Christmas Math Challenge Problem

In our homeschool, I love to give problems for my kids to try to solve that they have never seen before. That’s what mathematicians do. We solve new problems, or old problems in new ways, using tons of creative thinking, working through our frustrations, and sometimes coming up with elegant solutions. That process is valuable to me and to my kids.

For this problem, kids will need a basic knowledge of addition (multiplication would help too, but isn’t required). To set up a discovery math challenge, we present a problem to the kids and give them free reigns to try it in many ways. You can choose to let them use a calculator or not.

CHALLENGE PROBLEM: How many gifts did “My true love give to me” in the Twelve Days of Christmas? Note: On the first day, he gave 1 gift. On the second day he gave 2 + 1 gifts, etc.
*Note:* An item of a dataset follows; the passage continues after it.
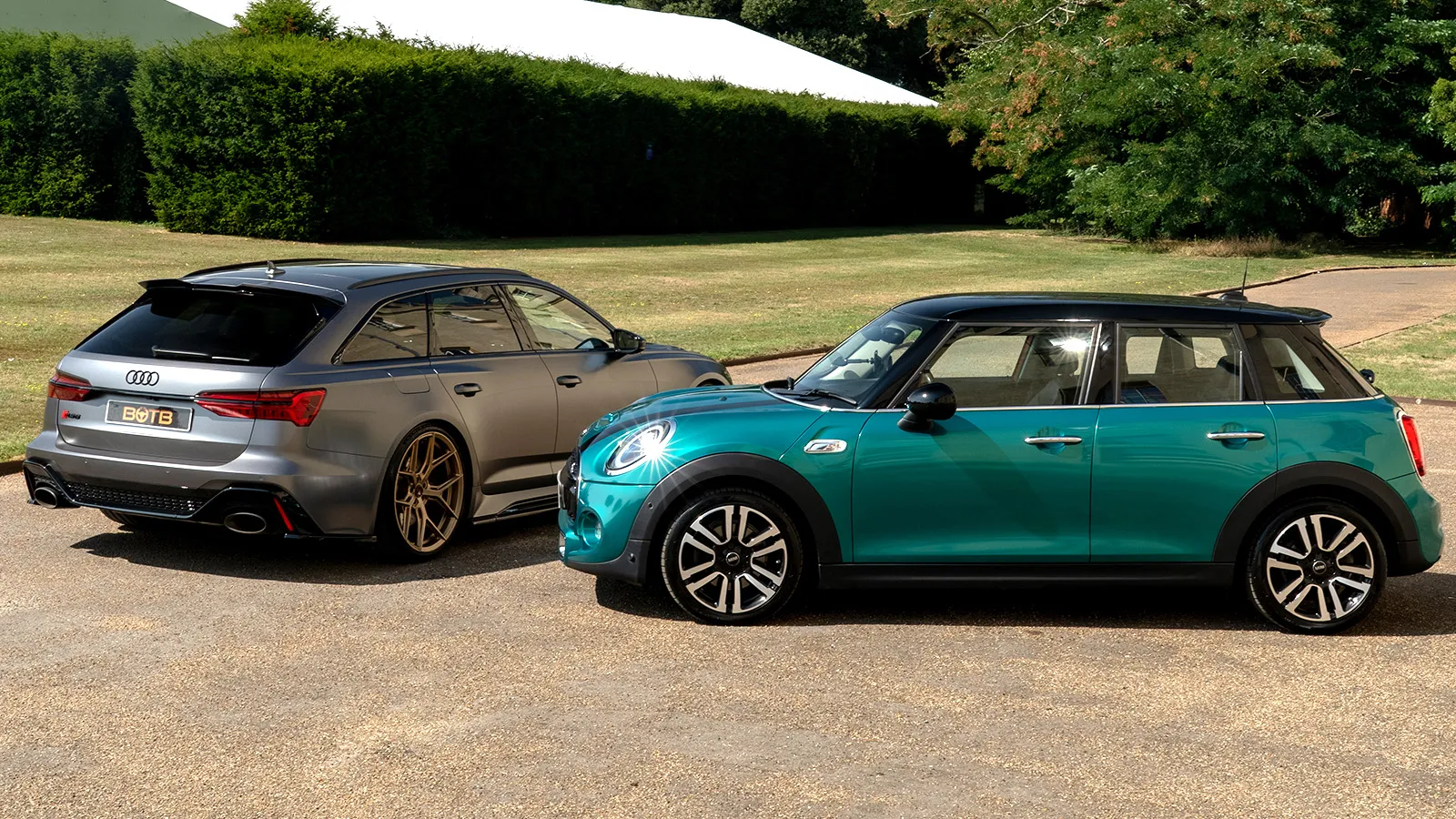 This Audi RS6 & Mini Cooper S Bundle Could Be Yours For Just 22p!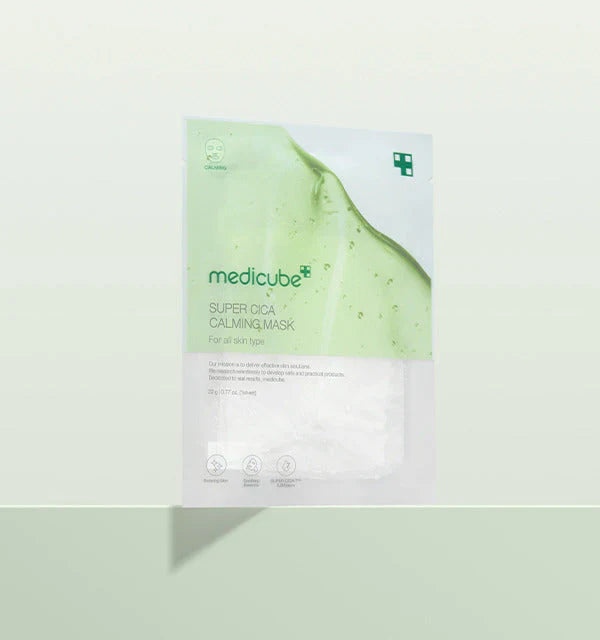 Medicube Super Cica Calming Mask for Skin Soothing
If kids need a place to start, have them write down the numbers for each day. There are some fancy shortcuts they might discover.

If kids solve it with straight adding, ask them “How could you do this another way?” and “Is there a shortcut?” If they get different answers, ask them how they did it. Praise creative thinking and problem-solving efforts (not necessarily the answer). “Did you see how Susie did this? That was so creative!”

MATH HISTORY STORY

After students have tried it and found an answer, here is a story that may help them think of a different way of doing things:

Carl Freidrich Gauss went to school in Germany in the 1700’s. He was very smart in school. When was seven years old, his teacher wanted a task to keep him busy longer, so he challenged Gauss to add up all the numbers from 1-100. The teacher thought it would take a long time. However, a couple minutes later, Gauss came back with the answer, 5,050. The teacher was surprised and asked him how he got the answer so quickly.

It was quite easy for Gauss because he came up with a brilliant strategy to add the numbers by pairing them in groups of 100.

100, then 99 + 1, 98 + 2, 97 + 3, etc. until 49 + 51. There were 50 groups of 100 total. The 50 in the middle is not part of a group of 100, so he added that in too.

50 groups of 100 is 5,000, plus 50 more is 5,050.